Reading “A Doctor in Homespun” by Mary Phylinda Dole gives the reader a glimpse of a world that has disappeared almost completely — the world of 19th century New England where people made nearly everything for themselves and went to market primarily to sell things.
At the Williams Farm in Ashfield, Massachusetts, where Mary went to live after her mother died (Mrs. Williams was a cousin of Mary’s mother), they made their own clothing, soap, yeast, candles, cheese, butter, cider, maple sugar, corn meal and a sweet syrup called raspberry shrub.
“Nothing was ever wasted by the Williams family,” Mary writes. “They believed in the old saying, ‘Take care of the pennies and the dollars will take care of themselves.’
“They always had dollars to give to others who needed them. When my brother-in-law’s mill burned, Mr.
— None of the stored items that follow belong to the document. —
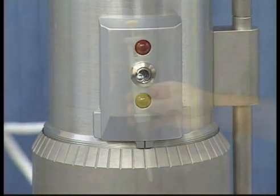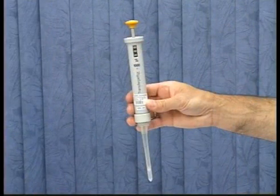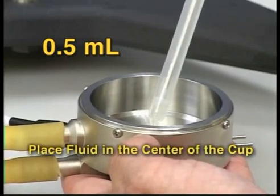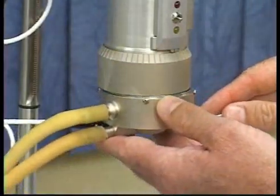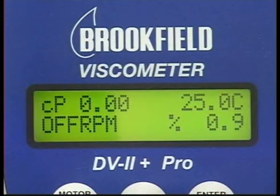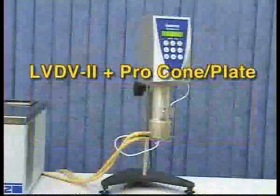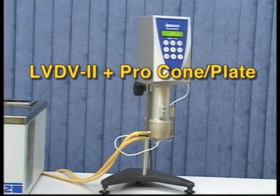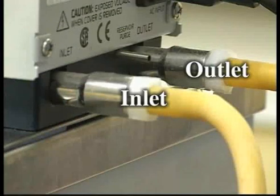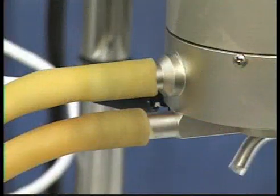With the gap properly set, measure the correct amount of viscosity standard fluid to be used — in this case 0.5 milliliter. The viscosity standard fluid needs to be equilibrated at 25 degrees Celsius to get an accurate reading. In this example, we will be using an LV DV2 Plus Pro cone plate instrument with a CPE-40 cone spindle.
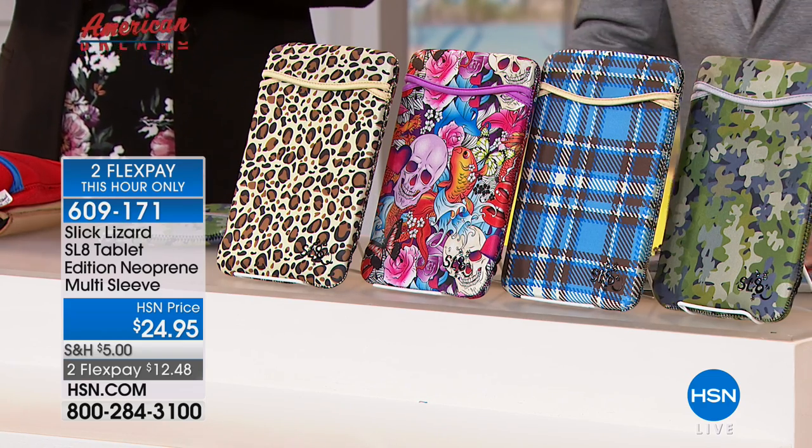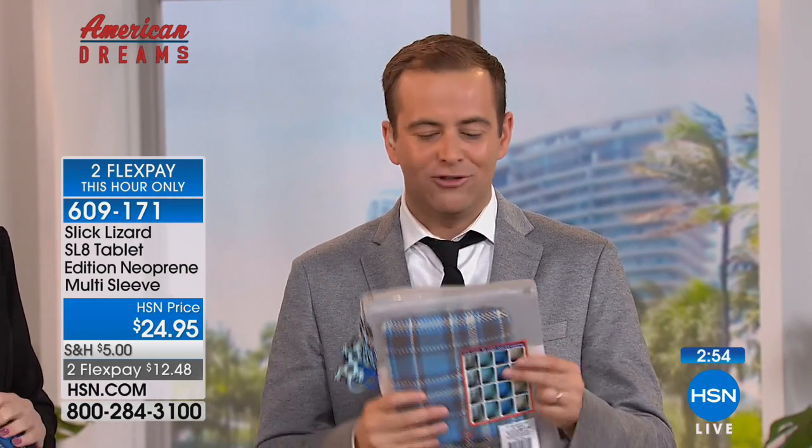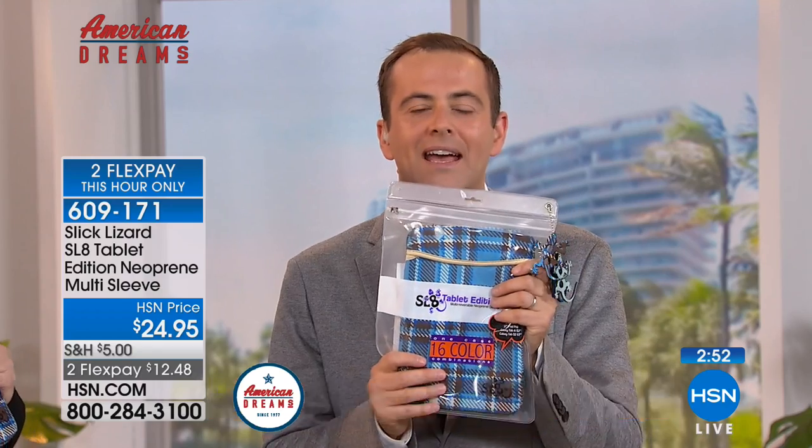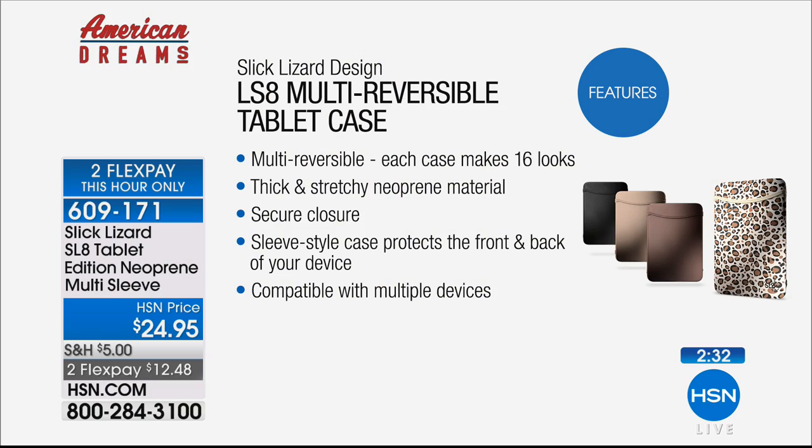$24.95, two flexible payments of $12 and change — the lowest price in America. Supporting an American innovator, an entrepreneur who said there's got to be a better way. If you're carrying your tablets and devices out with you to the coffee shop or on an airplane, you've got to make sure it's protected. What this allows you to do is protect it in style, and you switch it up because you might not want the same one every single day.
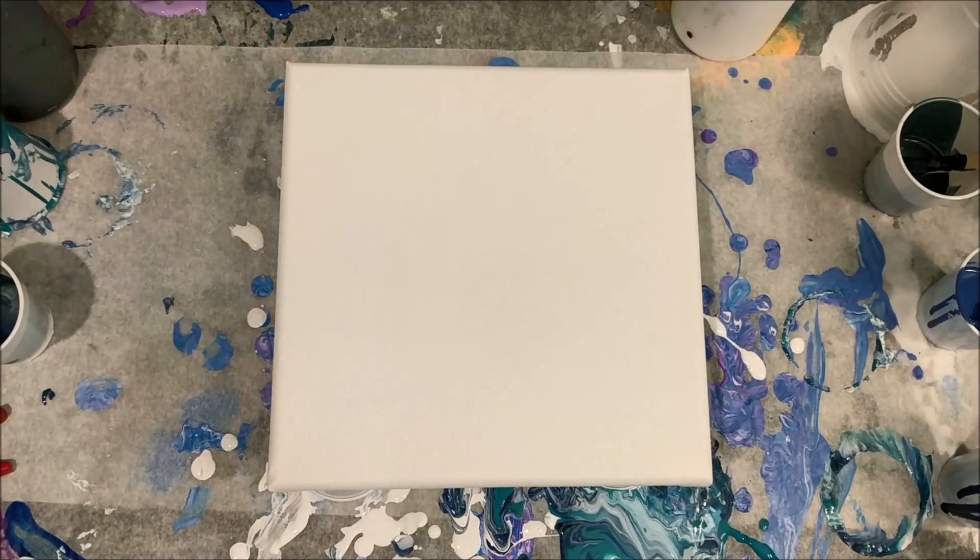Hi, welcome back to Art by Brooke. I have already tried this pour once tonight — you'll probably have already seen it in a video. I am doing a commissioned geode paint pour with navy, turquoise, and gold. The first one didn't move quite as much as I wanted to, so this is take two and I'm hoping to make this one work.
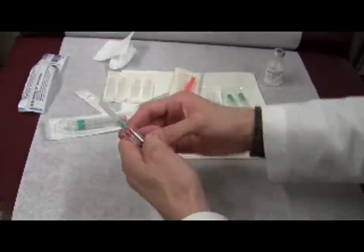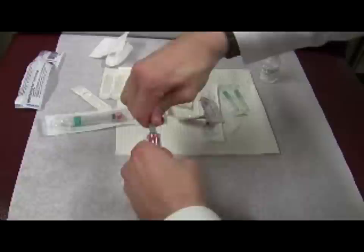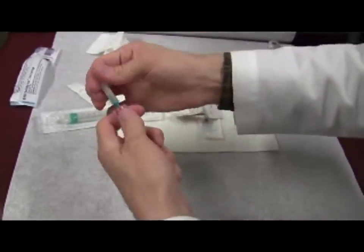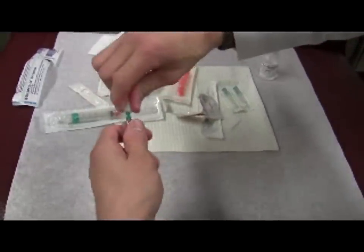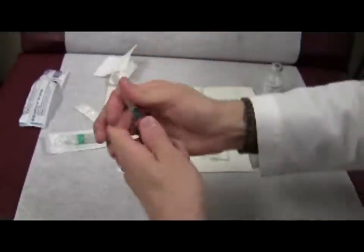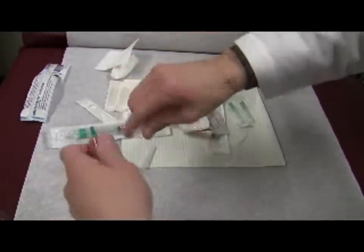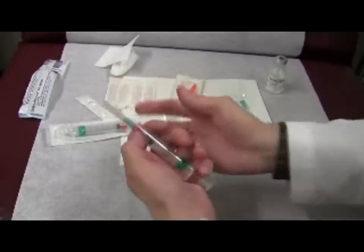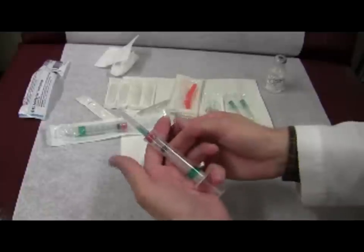Unscrewing the needle when the cap is not snapped on can result in the cap unexpectedly coming off and result in a needle stick. If this isn't on fully and you're twisting and it's not coming off because it's not grabbing, the cap can twist off and you can cut yourself. So keep in mind: if the needle does not come off readily, discard the syringe, medicine, and attached needle, and start over.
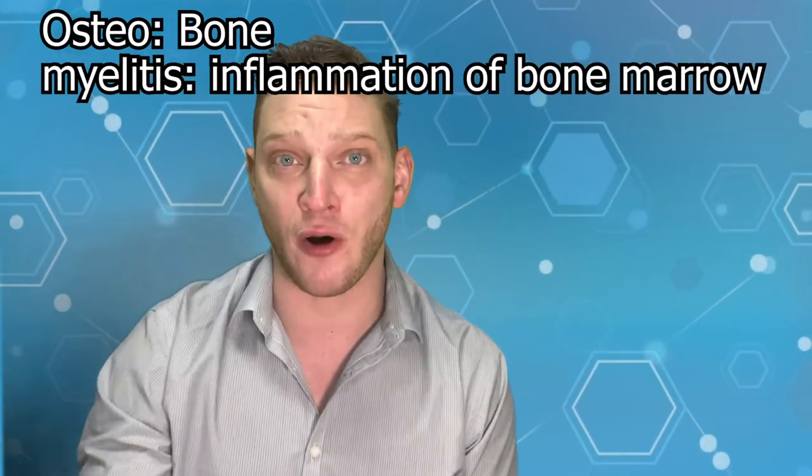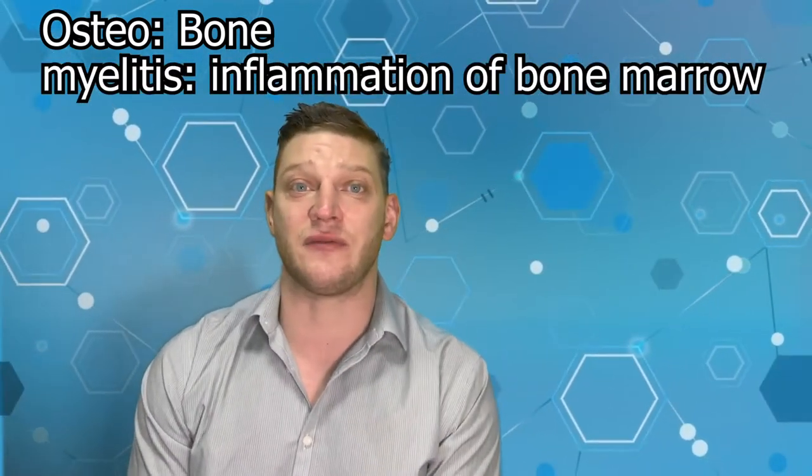He's got a new blood blister and what looks like it could be osteomyelitis. Osteomyelitis — osteo meaning bone, myelitis meaning the inflammation of bone marrow — that is the $5 word for a bone infection. So let's start the video and I'll show you exactly what's going on.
Williams was the largest contributor to a fund to help him rebuild. I have been sent a great many times with a pound of butter, eggs, apples or something to the minister’s or where there was sickness.”
“The butter and eggs not needed for our own use were taken to the store and traded for various ‘notions’ such as pins, needles, thread, buttons, tape, spices, calico and cotton cloth. For the bigger things, such as barrels of flour and sugar, Mr. Williams traded wood, potatoes, apples and turnips.”
Here’s a tip from Mary Phylinda – grow your turnips in a field that has been fallow for a year and don’t pick them until they’ve been sweetened by a good hard frost.
And they ate very well indeed. I’m getting hungry just reading about it. They had apples, berries, cabbage, beets, turnips, potatoes, carrots, lamb, chicken, turkey, goose, squirrel, partridge, coon, and brook tout. When a cow was butchered, they had liver, sweetbreads, heart, tongue, kidney, tripe, roast beef, steak, pot roast and corned beef. From the pig they got ham, bacon, roasts, chops, salt pork, Philadelphia scrapple, head cheese, pickled pig’s feet and many pounds of sausage.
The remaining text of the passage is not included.